Exercise requirements
Would you please repeat all of the data exactly, omitting the pictures?

Given information
++++++++++++++++++++

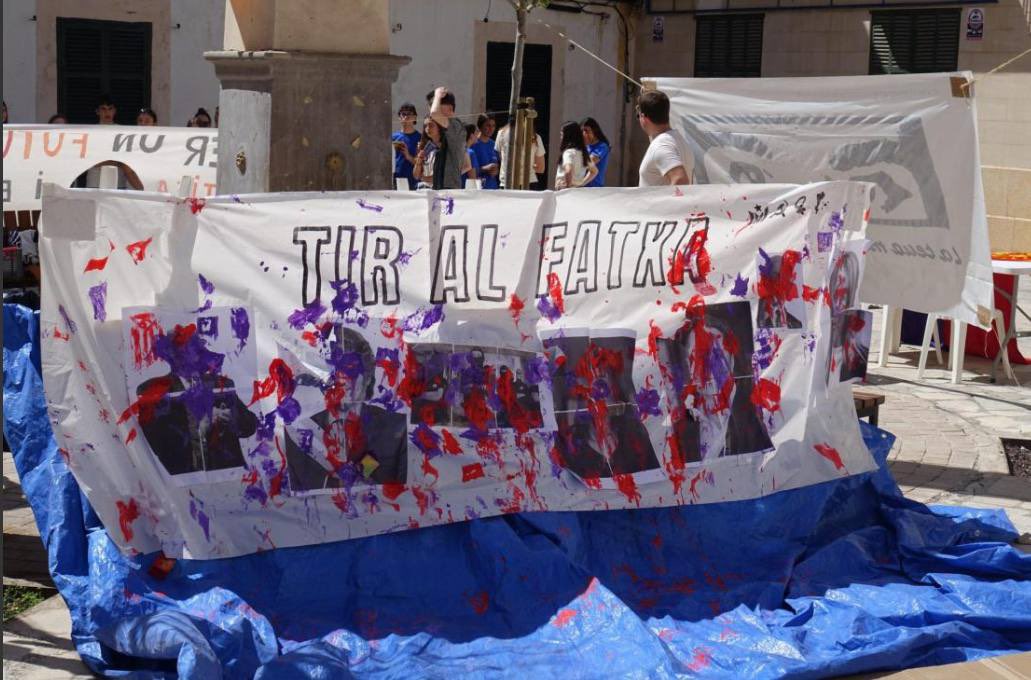 Dinero de ayudas públicas para mensajes pro separatistas, esteladas y “tiro al facha”, actividades del acampallengua de 2025

Dobbés d'ajudes públiques per missatges pro separatistes, estelades i “tir al fatxa”, activitats de s’acampallengua de 2025

#SomBalearsNoCatalans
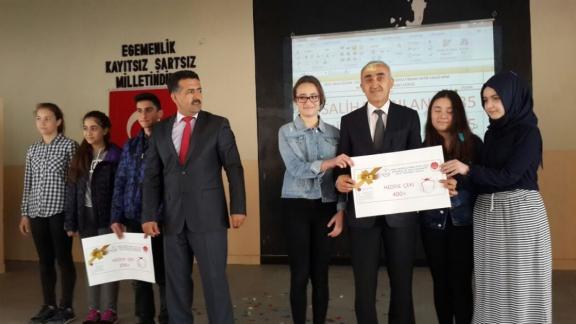 İl Milli Eğitim Müdürümüz Nevzat TÜRKKAN, Matematik Yarışmasında dereceye giren öğrencilerimizin  ödül törenine katıldı.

++++++++++++++++++++

Answer to the exercise
 Dinero de ayudas públicas para mensajes pro separatistas, esteladas y “tiro al facha”, actividades del acampallengua de 2025

Dobbés d'ajudes públiques per missatges pro separatistes, estelades i “tir al fatxa”, activitats de s’acampallengua de 2025

#SomBalearsNoCatalans
 İl Milli Eğitim Müdürümüz Nevzat TÜRKKAN, Matematik Yarışmasında dereceye giren öğrencilerimizin  ödül törenine katıldı.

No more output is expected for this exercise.